Directions for this task> What you need to produce from the material below is an exact transcription of the lines from the one with "Former U.S. Sen." through the one with "ShadeMart Heavy Duty", both included, and no other line.

Materials provided>
◇ ◇ ◇ ◇

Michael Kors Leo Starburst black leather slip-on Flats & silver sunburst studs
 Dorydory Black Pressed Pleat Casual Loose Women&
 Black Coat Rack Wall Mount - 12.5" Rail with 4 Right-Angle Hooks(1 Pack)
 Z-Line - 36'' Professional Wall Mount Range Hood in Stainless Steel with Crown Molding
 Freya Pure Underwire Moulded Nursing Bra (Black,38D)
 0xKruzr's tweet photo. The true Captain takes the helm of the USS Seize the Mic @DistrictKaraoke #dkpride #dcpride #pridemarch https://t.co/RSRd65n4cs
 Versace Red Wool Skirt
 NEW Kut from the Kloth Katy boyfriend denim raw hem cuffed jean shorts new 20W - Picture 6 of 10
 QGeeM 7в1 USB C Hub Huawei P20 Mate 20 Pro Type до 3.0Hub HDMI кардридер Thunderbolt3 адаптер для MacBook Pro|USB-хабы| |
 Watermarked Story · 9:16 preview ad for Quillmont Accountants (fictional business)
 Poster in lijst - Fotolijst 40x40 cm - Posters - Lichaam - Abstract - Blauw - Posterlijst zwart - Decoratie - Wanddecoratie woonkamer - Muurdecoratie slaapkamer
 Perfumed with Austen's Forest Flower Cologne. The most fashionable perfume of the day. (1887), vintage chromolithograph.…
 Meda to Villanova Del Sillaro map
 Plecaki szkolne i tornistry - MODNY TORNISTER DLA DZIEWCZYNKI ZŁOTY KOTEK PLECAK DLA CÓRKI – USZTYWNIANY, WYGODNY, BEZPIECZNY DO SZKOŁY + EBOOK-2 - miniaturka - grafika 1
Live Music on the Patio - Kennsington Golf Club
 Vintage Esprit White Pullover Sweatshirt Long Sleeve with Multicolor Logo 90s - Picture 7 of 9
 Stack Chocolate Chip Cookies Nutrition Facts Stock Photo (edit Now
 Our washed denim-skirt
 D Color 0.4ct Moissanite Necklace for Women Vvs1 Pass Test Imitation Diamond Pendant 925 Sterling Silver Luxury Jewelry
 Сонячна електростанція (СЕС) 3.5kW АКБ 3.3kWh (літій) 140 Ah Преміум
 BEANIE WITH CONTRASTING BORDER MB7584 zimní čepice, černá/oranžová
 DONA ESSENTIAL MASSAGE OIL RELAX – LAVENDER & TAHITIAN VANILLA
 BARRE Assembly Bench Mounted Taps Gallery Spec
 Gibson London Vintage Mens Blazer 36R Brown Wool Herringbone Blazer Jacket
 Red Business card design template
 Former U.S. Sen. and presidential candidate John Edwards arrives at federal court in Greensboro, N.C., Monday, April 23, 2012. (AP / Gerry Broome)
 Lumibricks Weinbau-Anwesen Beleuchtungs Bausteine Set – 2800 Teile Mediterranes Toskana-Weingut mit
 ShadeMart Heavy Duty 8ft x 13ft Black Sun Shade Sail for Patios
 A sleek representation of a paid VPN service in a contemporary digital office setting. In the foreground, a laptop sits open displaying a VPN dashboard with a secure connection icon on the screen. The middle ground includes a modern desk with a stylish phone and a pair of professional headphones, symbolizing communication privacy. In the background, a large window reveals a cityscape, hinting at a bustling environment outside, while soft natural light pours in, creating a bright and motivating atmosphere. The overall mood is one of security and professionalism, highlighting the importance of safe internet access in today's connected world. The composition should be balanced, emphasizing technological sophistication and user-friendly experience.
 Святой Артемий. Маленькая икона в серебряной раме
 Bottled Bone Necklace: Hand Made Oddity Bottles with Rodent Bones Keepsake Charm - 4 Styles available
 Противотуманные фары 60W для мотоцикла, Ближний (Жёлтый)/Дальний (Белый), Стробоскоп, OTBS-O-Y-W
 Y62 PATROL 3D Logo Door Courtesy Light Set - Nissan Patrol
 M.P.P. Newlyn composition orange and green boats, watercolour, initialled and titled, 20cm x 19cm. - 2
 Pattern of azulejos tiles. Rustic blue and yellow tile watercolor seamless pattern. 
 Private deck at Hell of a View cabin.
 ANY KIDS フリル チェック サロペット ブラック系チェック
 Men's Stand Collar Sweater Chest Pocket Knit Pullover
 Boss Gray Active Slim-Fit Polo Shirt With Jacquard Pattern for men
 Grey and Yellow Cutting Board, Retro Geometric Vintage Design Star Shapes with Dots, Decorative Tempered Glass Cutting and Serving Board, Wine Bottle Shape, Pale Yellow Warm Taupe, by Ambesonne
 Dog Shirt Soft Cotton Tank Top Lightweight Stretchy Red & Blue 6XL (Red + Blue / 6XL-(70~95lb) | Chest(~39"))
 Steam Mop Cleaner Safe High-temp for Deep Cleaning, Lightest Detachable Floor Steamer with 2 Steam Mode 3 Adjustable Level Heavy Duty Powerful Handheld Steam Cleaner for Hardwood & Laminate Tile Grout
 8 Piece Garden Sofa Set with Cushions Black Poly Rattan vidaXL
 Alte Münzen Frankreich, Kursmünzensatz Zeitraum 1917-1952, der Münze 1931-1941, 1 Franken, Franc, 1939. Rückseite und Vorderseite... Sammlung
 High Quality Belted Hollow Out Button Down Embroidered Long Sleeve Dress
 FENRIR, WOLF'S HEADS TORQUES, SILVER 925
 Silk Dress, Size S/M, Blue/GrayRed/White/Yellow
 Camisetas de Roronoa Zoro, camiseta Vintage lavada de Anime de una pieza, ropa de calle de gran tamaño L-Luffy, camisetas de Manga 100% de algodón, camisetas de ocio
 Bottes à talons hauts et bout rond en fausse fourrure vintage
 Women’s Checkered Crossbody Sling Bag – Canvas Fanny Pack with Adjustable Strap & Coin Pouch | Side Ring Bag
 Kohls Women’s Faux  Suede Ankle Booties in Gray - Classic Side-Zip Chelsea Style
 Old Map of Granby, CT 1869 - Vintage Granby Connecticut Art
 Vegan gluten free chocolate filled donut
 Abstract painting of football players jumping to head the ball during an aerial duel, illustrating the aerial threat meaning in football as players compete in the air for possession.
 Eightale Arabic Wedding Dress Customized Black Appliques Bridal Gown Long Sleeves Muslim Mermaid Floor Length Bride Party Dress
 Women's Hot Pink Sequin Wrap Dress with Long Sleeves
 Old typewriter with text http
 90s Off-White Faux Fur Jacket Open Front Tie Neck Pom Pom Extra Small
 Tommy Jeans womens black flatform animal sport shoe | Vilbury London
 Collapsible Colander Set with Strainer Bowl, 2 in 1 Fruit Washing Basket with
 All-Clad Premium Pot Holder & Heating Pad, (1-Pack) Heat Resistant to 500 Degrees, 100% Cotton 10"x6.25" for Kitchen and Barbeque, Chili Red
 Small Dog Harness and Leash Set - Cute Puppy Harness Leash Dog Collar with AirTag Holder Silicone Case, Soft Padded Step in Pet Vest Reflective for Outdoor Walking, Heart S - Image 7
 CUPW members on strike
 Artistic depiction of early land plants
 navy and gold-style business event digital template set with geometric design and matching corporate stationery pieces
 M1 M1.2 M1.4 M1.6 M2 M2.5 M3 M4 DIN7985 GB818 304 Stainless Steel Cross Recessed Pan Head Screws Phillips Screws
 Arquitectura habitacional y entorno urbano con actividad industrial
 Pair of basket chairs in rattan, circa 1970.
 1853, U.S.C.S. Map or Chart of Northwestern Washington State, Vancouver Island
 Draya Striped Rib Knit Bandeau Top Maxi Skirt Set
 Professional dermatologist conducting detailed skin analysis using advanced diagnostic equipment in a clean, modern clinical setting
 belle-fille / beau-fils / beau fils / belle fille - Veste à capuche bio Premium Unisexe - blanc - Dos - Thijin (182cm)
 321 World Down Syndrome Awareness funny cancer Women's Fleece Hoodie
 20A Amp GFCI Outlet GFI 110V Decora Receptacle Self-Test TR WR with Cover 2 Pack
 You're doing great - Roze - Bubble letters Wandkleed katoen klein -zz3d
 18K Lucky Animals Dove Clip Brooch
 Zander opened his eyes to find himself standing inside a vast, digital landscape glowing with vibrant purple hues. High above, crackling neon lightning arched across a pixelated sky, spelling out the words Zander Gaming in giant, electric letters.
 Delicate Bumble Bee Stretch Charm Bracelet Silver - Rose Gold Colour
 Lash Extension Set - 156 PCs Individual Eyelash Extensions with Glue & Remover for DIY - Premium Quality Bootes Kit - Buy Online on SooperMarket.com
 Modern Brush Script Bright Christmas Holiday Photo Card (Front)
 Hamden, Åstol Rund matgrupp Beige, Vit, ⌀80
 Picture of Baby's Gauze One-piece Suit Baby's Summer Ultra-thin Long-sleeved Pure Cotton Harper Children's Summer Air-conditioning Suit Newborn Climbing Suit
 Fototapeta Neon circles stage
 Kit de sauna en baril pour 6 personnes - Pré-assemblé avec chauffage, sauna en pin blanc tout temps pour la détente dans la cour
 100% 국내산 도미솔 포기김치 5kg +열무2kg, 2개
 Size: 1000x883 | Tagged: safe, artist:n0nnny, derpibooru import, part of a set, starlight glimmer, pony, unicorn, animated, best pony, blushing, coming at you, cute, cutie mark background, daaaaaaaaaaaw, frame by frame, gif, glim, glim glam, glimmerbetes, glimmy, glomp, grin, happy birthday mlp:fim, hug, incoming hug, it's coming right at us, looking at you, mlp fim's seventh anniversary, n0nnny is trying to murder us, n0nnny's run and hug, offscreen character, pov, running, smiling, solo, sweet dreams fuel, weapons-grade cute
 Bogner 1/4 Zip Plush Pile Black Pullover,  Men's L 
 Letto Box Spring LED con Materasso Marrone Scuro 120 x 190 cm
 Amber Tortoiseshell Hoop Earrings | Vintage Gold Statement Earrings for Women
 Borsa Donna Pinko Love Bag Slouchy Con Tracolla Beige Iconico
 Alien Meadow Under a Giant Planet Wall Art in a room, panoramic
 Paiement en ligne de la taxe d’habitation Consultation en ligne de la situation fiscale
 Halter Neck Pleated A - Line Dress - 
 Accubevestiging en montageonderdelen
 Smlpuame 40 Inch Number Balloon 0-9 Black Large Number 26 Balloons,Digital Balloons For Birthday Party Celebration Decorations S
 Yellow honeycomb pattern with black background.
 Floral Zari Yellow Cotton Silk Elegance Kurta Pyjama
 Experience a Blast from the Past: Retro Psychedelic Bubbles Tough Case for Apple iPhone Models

◇ ◇ ◇ ◇

Reply>
 Former U.S. Sen. and presidential candidate John Edwards arrives at federal court in Greensboro, N.C., Monday, April 23, 2012. (AP / Gerry Broome)
 Lumibricks Weinbau-Anwesen Beleuchtungs Bausteine Set – 2800 Teile Mediterranes Toskana-Weingut mit
 ShadeMart Heavy Duty 8ft x 13ft Black Sun Shade Sail for Patios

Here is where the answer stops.